Hans Monderman Has Died

One of my heroes, the Dutch traffic engineer Hans Monderman, died this week. Here is an excerpt from his obituary in The Times.

Hans Monderman pioneered the concept of the “naked street” by removing all the things that were supposed to make it safe for the pedestrian – traffic lights, railings, kerbs and road markings. He thereby created a completely open and even surface on which motorists and pedestrians “negotiated” with each other by eye contact.

Consider that our system of traffic lights basically treats traffic management as a hydraulic problem rather than as a problem of human psychology. The system, amazingly, encourages drivers to look up at traffic lights instead of what’s going on straight ahead. Think about that.
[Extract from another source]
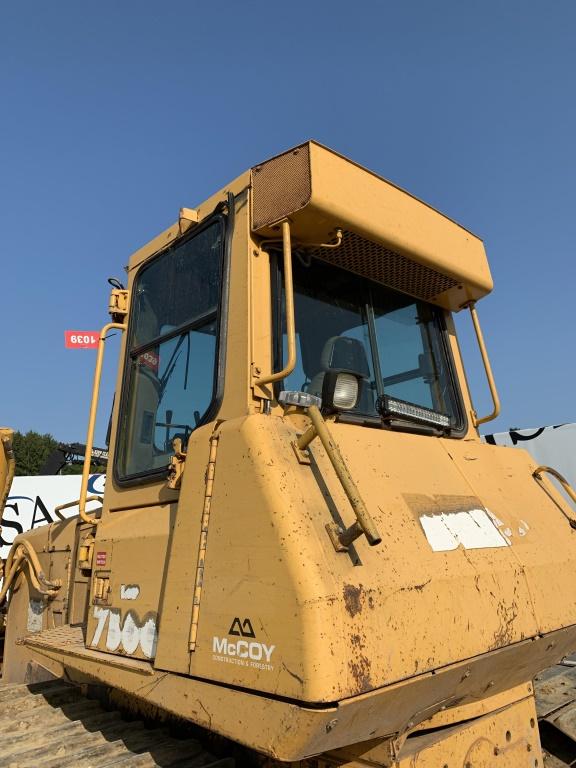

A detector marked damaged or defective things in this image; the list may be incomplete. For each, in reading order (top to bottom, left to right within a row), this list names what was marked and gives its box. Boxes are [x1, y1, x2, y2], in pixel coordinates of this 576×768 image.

bq.He passionately believed that segregating cars and pedestrians was wrong and an imposition from the state. Instead, he claimed a natural interaction between the driver and the pedestrian would create a more civilised environment.
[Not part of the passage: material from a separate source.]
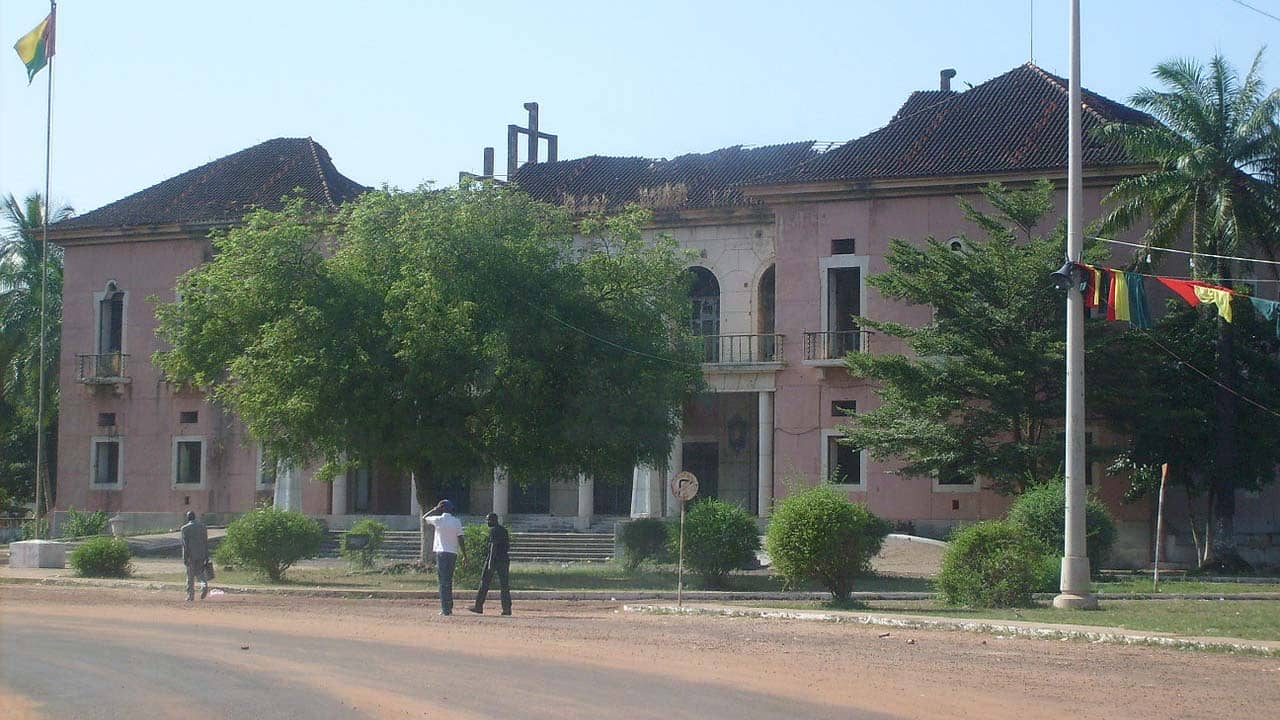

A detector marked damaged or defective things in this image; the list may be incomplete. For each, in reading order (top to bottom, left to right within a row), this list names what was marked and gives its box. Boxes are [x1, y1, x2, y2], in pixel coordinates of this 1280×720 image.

damaged tile roof [747, 62, 1157, 185]
damaged tile roof [57, 137, 368, 229]
damaged tile roof [512, 140, 819, 212]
His maxim was: “If you treat drivers like idiots, they act as idiots. Never treat anyone in the public realm as an idiot, always assume they have intelligence.”

It should go without saying that this maxim applies to far more than driving.
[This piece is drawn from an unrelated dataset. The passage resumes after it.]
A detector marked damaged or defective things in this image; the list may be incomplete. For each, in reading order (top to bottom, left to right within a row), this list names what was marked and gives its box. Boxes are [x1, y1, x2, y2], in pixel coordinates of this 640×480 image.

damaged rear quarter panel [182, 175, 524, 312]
It’s important to note that Monderman reached this conclusion not from principle, but from long experience in trying to save lives.

Soon after starting in the role, sudden budget cuts led to the scrapping of planned traffic-calming measures in the village of Oudehaske, where two children had been killed in road accidents. Monderman suddenly hit upon the idea of stripping out all the remaining highway signs and furniture to create a plain, even surface. To his astonishment he found that drivers cut their speeds by an average of 40 per cent when driving through the village. It was a defining discovery and further experimentation confirmed that naked streets cut speeds far more than speed humps because they increased drivers’ awareness of their surroundings and thus caused them to slow down.

“Roads Gone Wild,” published in Wired three years ago, tells you everything you need to know about Monderman’s “radical” idea, an idea that has led to dramatic reduction in traffic fatalities and environmental damage.